*** Opening Input data ***
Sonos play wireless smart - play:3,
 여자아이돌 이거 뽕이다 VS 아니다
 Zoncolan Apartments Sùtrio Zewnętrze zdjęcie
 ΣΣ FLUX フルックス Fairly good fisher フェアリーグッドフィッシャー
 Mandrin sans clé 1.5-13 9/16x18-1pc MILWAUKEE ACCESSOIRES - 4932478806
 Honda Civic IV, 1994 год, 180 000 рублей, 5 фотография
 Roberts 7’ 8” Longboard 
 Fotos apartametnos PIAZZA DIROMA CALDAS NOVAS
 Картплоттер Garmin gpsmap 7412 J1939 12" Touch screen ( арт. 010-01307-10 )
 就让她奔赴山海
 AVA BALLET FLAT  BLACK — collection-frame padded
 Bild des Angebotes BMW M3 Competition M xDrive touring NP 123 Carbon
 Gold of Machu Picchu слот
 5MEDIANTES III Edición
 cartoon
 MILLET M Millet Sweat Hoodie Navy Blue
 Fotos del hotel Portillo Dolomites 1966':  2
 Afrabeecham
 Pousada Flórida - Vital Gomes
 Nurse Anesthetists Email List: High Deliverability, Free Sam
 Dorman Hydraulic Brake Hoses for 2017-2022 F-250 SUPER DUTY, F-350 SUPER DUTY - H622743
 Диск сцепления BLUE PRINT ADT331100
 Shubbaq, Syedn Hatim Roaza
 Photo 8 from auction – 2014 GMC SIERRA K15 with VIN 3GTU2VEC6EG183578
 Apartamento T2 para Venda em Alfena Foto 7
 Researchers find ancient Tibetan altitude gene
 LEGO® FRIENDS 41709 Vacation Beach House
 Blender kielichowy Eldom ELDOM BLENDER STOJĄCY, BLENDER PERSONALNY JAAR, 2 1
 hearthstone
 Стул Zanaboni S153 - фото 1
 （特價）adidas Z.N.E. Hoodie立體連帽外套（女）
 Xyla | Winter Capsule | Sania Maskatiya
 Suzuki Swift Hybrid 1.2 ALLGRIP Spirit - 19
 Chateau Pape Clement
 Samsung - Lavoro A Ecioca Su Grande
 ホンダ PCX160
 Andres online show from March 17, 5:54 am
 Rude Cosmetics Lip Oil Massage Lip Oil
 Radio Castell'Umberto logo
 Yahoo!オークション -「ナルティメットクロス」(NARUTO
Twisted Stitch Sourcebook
*** Closing Input data ***
Exercise objective.
Scan the records above for the word "from". Show each line in which it appears.

Answer for this exercise.
 Photo 8 from auction – 2014 GMC SIERRA K15 with VIN 3GTU2VEC6EG183578
 Andres online show from March 17, 5:54 am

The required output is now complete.